대여금
1. The plaintiff's appeal is dismissed.
2. The costs of appeal shall be borne by the Plaintiff.
The purport of the claim and appeal is the purport of the appeal.
1. The reasoning of the court of first instance’s explanation concerning this case is as follows, and thus, it is consistent with the reasoning of the court of first instance, except for the dismissal of some of the judgment of the court of first instance as follows. Thus, this is acceptable in accordance with the main sentence of Article 420 of the
“Ch. 10,000,000 on October 25, 2007” in the second instance judgment of the first instance court from 10-11.
Part 7 of the first instance judgment "C. Judgment" (Articles 7- 3 through 8-9) is as follows:
“B.(1) Transfer of shares before the issuance of share certificates shall take effect only by the declaration of intention of the parties in accordance with the general principles concerning the transfer of nominative claims.
Comprehensively taking account of the purport of the entire arguments in Gap evidence Nos. 11, 12, 13, and 14, the defendant may recognize the fact that on December 12, 2006, the defendant delivered to the plaintiff 75,000 common share shares of FF corporation (hereinafter "the shares of this case") with the defendant's certificate of personal seal impression issued by the defendant himself on the same day as the share acquisition agreement, and there is no evidence to prove that the defendant specified the explicit conditions or deadline for taking effect of the transfer of shares of this case at the time.

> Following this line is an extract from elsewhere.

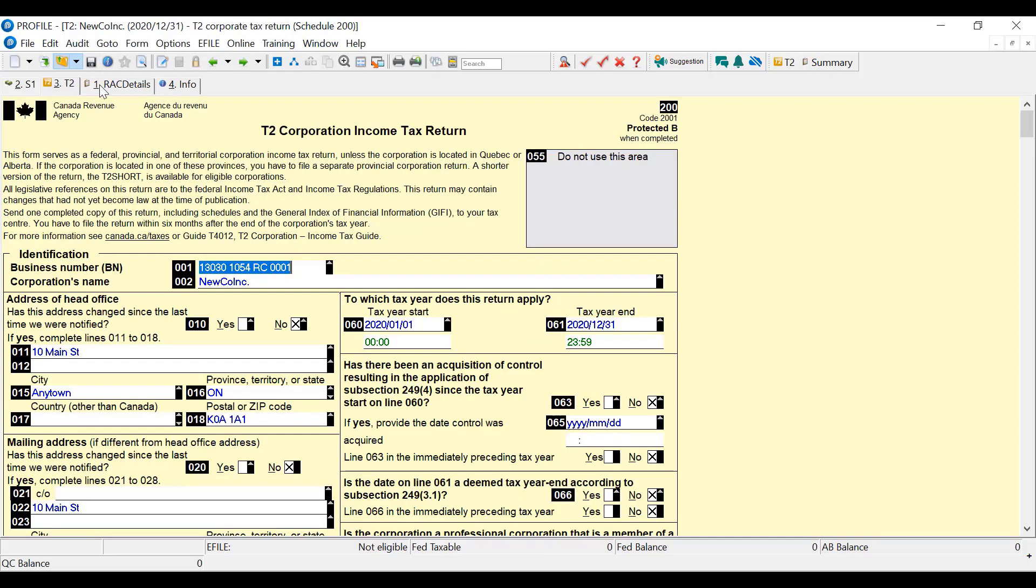In profile, there's the T2 return. For printing, the only return that's available in profile is a barcode. So there is no T2 short, there is no way to elect to file a T2 short from profile. The only return there is is the regular federal return, and when you print you get a barcode if you're sending to CRA paper T2.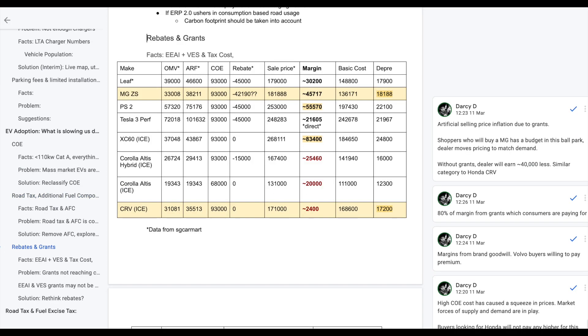Now let's move on to rebates and grants. This one is quite a topic, it's quite a big one and I think you have to look. There are some visualizations as I do have some numbers to work with. Right now there is EAI and the VES rebate that is given a total of $45,000 rebate on your ARF or OMV when you buy your vehicle.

Therefore, since the Defendant transferred the instant shares to the Plaintiff on December 12, 2006, and the Plaintiff acquired them, it would be deemed that the Defendant performed the duty of transferring the instant shares.
2. There is no evidence suggesting that there is no restriction on the transfer of shares in the articles of incorporation of the FF stock company, and the transfer of shares in the register of shareholders is only a requisite for setting up against the transferee to exercise the shareholder’s rights in relation to the company. Therefore, barring any special circumstance, a transferee of shares prior to the issuance of share certificates may solely file a claim for the transfer of shares against the company by proving that he/she acquired shares without the need for the transferor’s cooperation.